The toleration decree, the so-called Toleranzpatent, was introduced by the Emperor with a statement that it was his aim to permit all his subjects, without distinction of creed and nationality to participate in the welfare and freedom of his Government. The specific ecclesiastical restrictions against the Jews dating from the time of the Vienna Council, prohibiting Jews from being abroad before noon on Sundays and Catholic Holy Days and from visiting places of amusement, were abolished. He also compelled the Jews in 1787 to assume fixed family names and to serve in the army, in each case the first instance of the kind in Europe.
IMPROVEMENT DOES NOT LAST LONG: FRANCIS II INTRODUCES NEW RESTRICTIONS.
The improvement did not last long. When the Emperor Josef died, after reigning for ten years, the Bishops presented a petition to his successor, Leopold II., asking him to abrogate the laws relating to the Jews, who should be again declared crown vassals, with their position depending solely on the goodwill of the monarch. Leopold evaded the question, however, and during his short reign of less than two years no action was taken in this regard.

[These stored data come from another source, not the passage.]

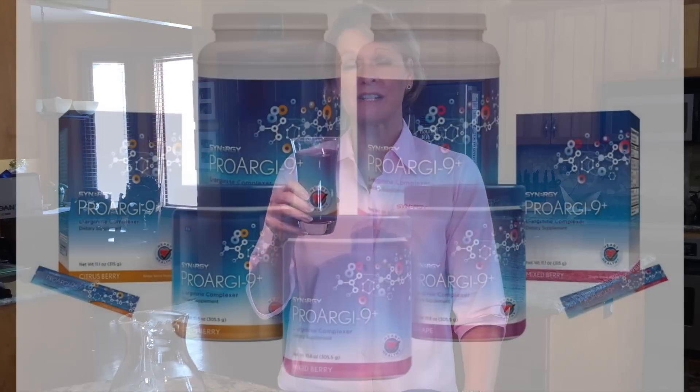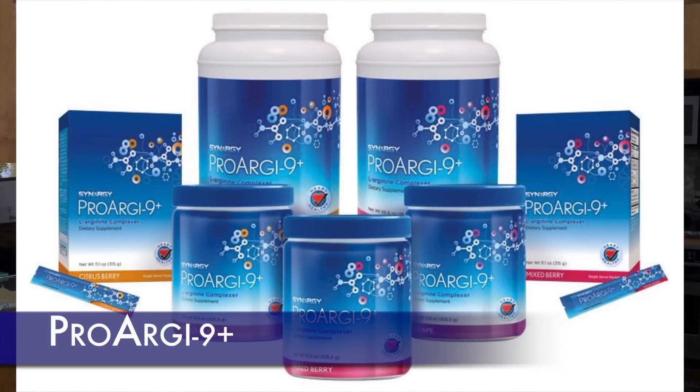The reason that you're taking ProArgi-9 Plus is for better circulation. With better circulation, all the nutrients that you take in will get to where they're going better and faster, and your absorption rate will be better. Also, when you want to detox or when your body needs to detox, it's going to have a quicker and faster way to detox with better circulation.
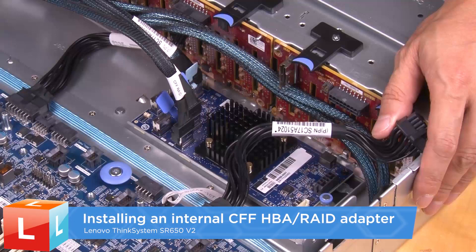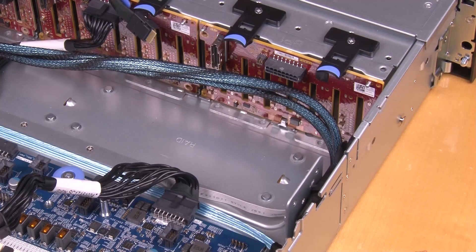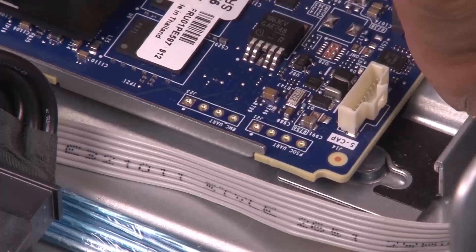Installing an internal CFF HBA or RAID adapter. Align the notches on the tray with the pins on the chassis. Insert the CFF RAID HBA adapter and lower it into the chassis.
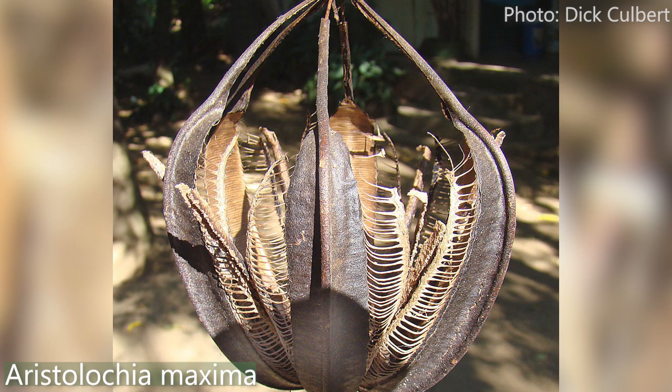They look like some kind of duck with a bonnet on! And when they seed it's the most amazing seed pods — they form like little baskets and the seeds sit in the basket. The seed pods are just as lovely as the flowers. I'll have seeds later in the year, I'll send you some. Beautiful beautiful plant.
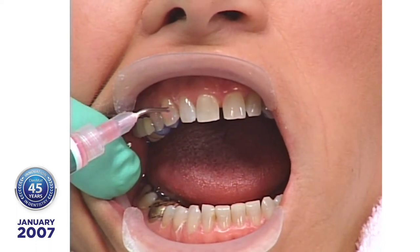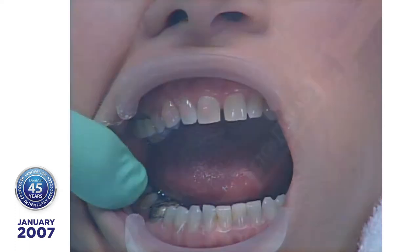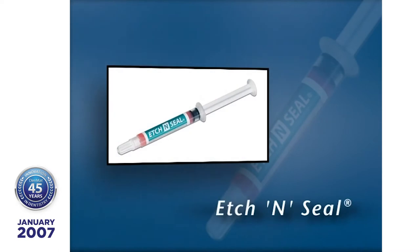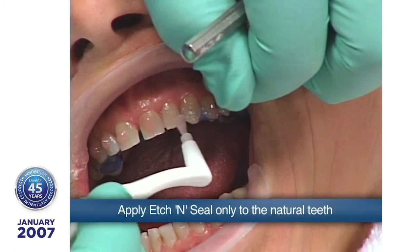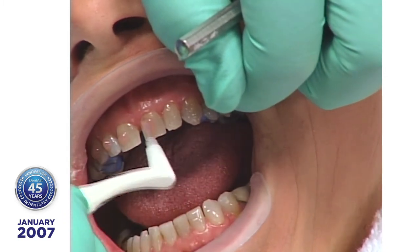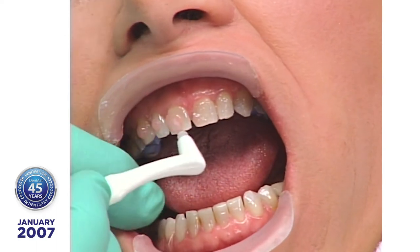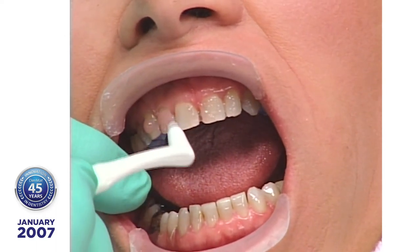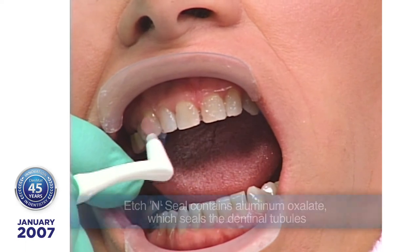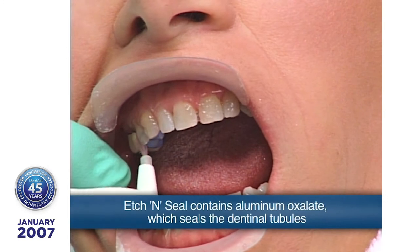Now I'm using Etch and Seal, which is a medium viscosity. It also contains aluminum oxalate — you just push it around and it stays where you place it. If you were using this in regular operative procedures and had exposed dentin, then the aluminum oxalate would seal the dentinal tubules.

But his son, Francis II. was a man of narrow views, and under his rule the principle of improving the condition of the Jews by opening to them new ways of activity, as Josef II had intended, was given up. Agriculture, which Josef II had endeavoured to introduce among the Jews, was restricted. Jews were prohibited from farming rural property. Similarly a Jew could foreclose a mortgage on real estate only under the condition that he should not buy it or take it under his administration, and the Emperor wrote with great indignation to one of his Ministers, that he had heard that the Vienna Jews bought houses in the name of Christians and that this scandal would not be tolerated. A law of 1804 prohibited Jews dealing in saltpetre and another of 1814 prohibited them dealing in salt and grain. A law of 1818, which was repeated in 1829, prohibited Jews from being druggists. In 1802 it was decreed that no Jew should henceforth obtain permission to reside in Vienna, but this law was later amended in favour of the wealthier Jews. The law that Jews should not employ Christian servants in their houses was repeatedly renewed between 1803 and 1807. The ecclesiastical laws were also applied with regard to the internal affairs of the Jews. Nevertheless, under his reign, a Jew named Hoenig, a member of a family of famous financiers, was appointed in 1810 as an officer in the army, the first case in Europe outside France. Ferdinand I., his son, who succeeded him in 1835, was an invalid without much influence on the affairs of the Government, and he abdicated after the Revolution of 1848, being succeeded by his nephew, Francis Josef, who died during the Great War, and in whose reign the Jews obtained full rights. Ferdinand was very friendly to the Jews, and effected several improvements in their condition and after his abdication, when he went to live in Prague, he became a member of the Chevra Kadisha there, till his death in 1875, paying a special contribution that Kadish should be said for him for the whole year after his death.